Content starts
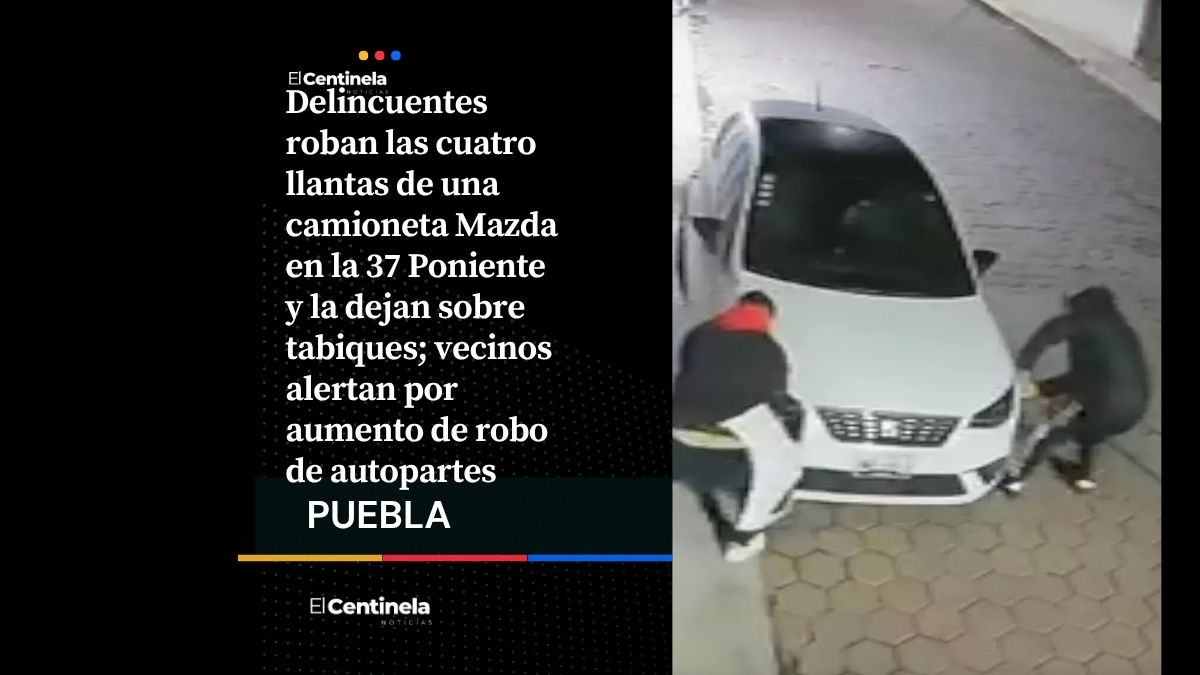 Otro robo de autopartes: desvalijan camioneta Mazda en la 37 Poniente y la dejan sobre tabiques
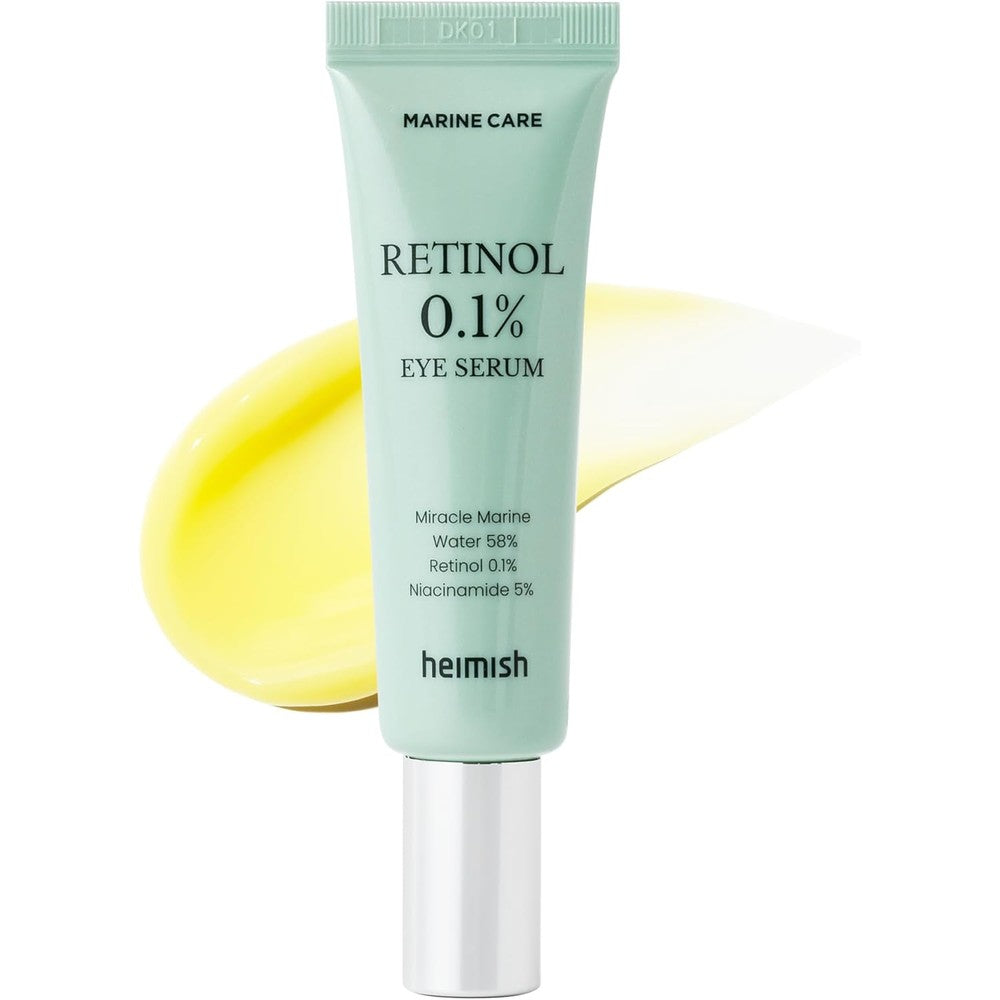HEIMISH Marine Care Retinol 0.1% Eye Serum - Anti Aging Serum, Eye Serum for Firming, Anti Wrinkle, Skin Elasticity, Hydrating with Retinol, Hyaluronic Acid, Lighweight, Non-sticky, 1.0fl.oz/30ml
Content ends
Content starts
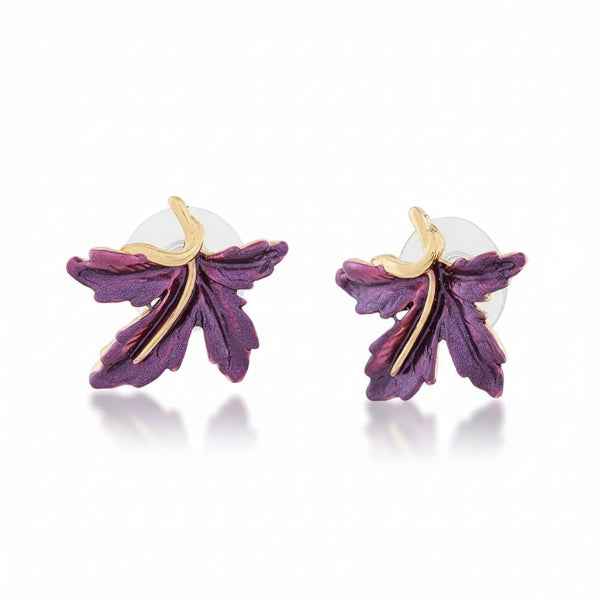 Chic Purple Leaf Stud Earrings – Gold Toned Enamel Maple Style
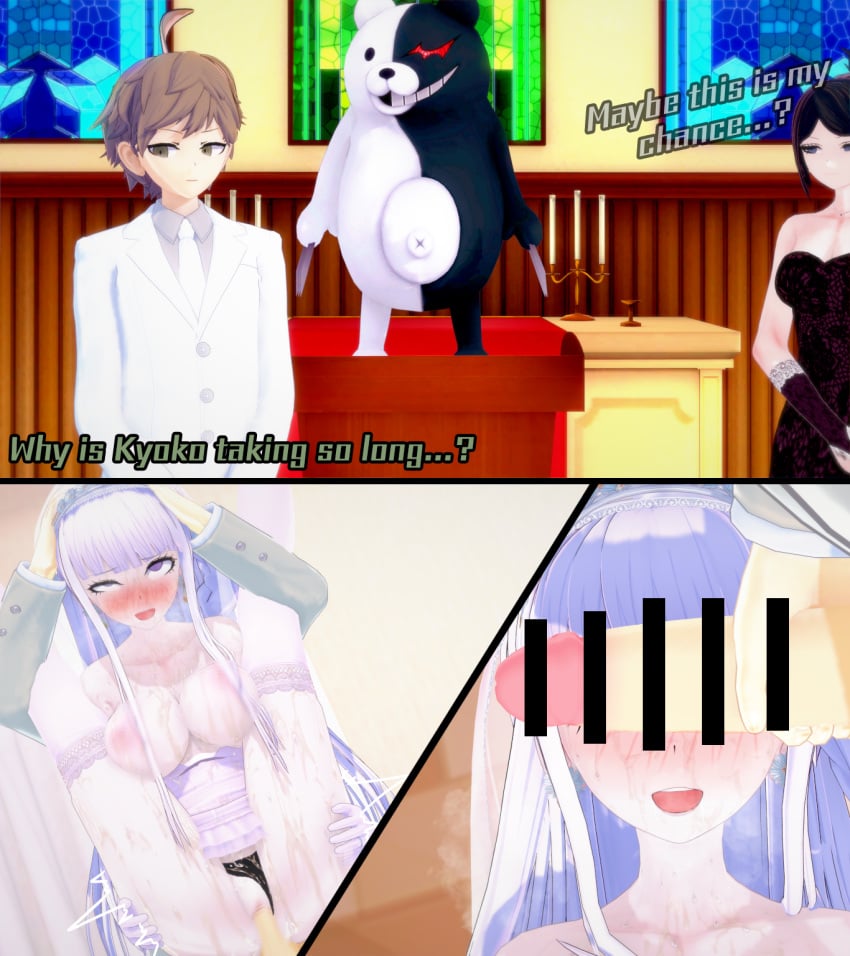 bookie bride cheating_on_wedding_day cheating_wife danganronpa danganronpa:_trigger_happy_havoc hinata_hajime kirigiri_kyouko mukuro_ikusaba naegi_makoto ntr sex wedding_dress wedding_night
Content ends
### ASSIGNED TASK
Within the listing above, the lines from the one with "Otro robo de" through the one with "HEIMISH Marine Care" are to be given again word for word. Do not include pictures.

### RESPONSE TO THIS TASK
 Otro robo de autopartes: desvalijan camioneta Mazda en la 37 Poniente y la dejan sobre tabiques
HEIMISH Marine Care Retinol 0.1% Eye Serum - Anti Aging Serum, Eye Serum for Firming, Anti Wrinkle, Skin Elasticity, Hydrating with Retinol, Hyaluronic Acid, Lighweight, Non-sticky, 1.0fl.oz/30ml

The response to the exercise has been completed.